En dehors des conférences, participer à ce congrès a aussi permis d’échanger avec des militants des quatre continents – responsables de partis politiques, syndicalistes, juristes, chercheurs et activistes. Beaucoup de latino-américains bien-sûr, mais aussi d’importantes délégations des États du Sahel par exemple, ou de Palestine. L’Europe semblait peu représentée. L’occasion de confirmer un double constat. Premièrement, les avant-postes de la bataille pour l’humanité, contre la résurgence du fascisme et du danger de troisième guerre mondiale se situent aujourd’hui hors du monde occidental. Deuxièmement, la lecture des événements mondiaux atteste d’une césure drastique entre la gauche européenne – car il existe aux Etats-Unis des courants anti-impérialistes beaucoup plus forts que chez nous – et celle du reste du monde. J’ai été moi-même frappée dès l’ouverture du congrès. Outre le peuple palestinien qui a bien sûr été chaleureusement encouragé pour sa lutte héroïque contre l’un des foyers fascistes les plus virulents de la planète, le seul pays à avoir eu un traitement de faveur lors de l’annonce de la présence des différents pays représentés a été… la Russie. Un grand applaudissement a ainsi été sollicité pour le « peuple russe », signifiant par là que l’intervention en Ukraine est vue comme une riposte antifasciste. Deux membres du gouvernement russe sont également intervenus en vidéo à différents moments du congrès.

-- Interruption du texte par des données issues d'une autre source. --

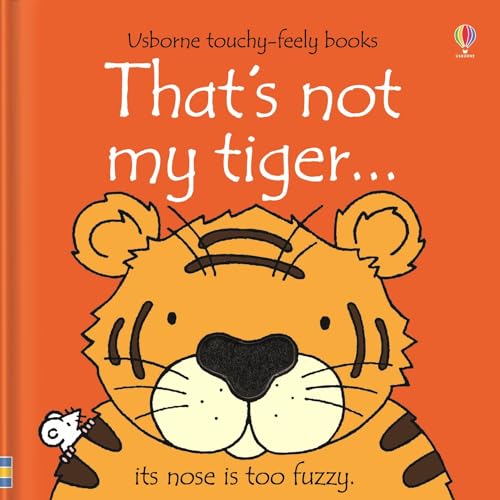 9781409518990: That's not my tiger...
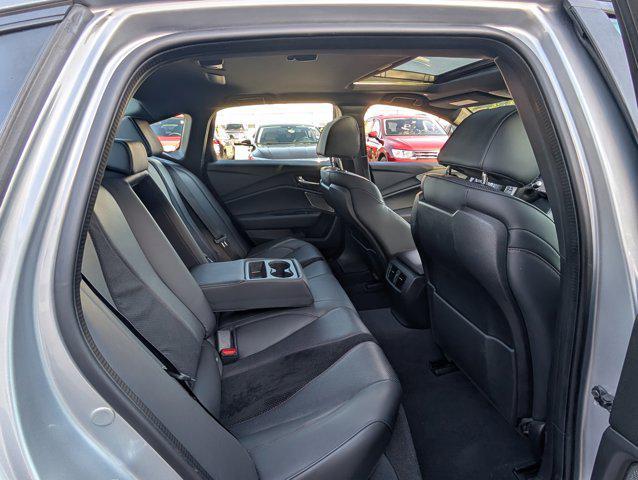 Photo of 2021 Lunar Silver Metallic Acura TLX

D’Europe, je n’ai rencontré que des Grecs du mouvement Unité populaire, fondé par d’anciens de Syriza qui ont refusé la capitulation. Kostas Isychos, ex-ministre-adjoint de la Défense du gouvernement Tsípras me confiait ainsi : « L’Europe ne doit pas être eurocentrique dans son mouvement anti-impérialiste. Elle doit occuper peut-être le 2e ou le 3e plan. Parce que le droit moral de conduire ces mouvements, ce sont les Africains, les Latino-américains et les peuples d’Asie qui l’ont. Nous devons être les soldats. Nous ne devons pas être les généraux. » Une chose est sûre : hors du centre impérialiste occidental, l’aggravation fascisante de l’agression impérialiste se traduit par le danger palpable de confiscation de la démocratie, de guerre civile, de putschs et d’ingérences militaires, voire d’extermination comme à Gaza. Tandis qu’en Europe ou aux États-Unis, le danger est encore relativement circonscrit ou plus lointain. Il est donc plus difficile d’en prendre conscience. Mais comme le signalait le premier ministre vénézuélien, Diosdado Cabello, « le fascisme se déguise et se cache jusqu’à ce qu’il puisse sauter le pas et montrer qui il est. Tout l’enjeu est de l’identifier tôt. » Espérons que les forces populaires d’Europe entreront dans la bataille avant qu’il ne soit trop tard et contribueront à affaiblir la bête, du dedans. La porte est en tout cas ouverte : le congrès s’est clôturé par le lancement d’une grande internationale contre le fascisme, pour la paix et pour l’humanité. Au-delà de la seule solidarité morale, il y a urgence à bâtir une solidarité pratique et concrète permettant de renforcer partout la résistance des peuples.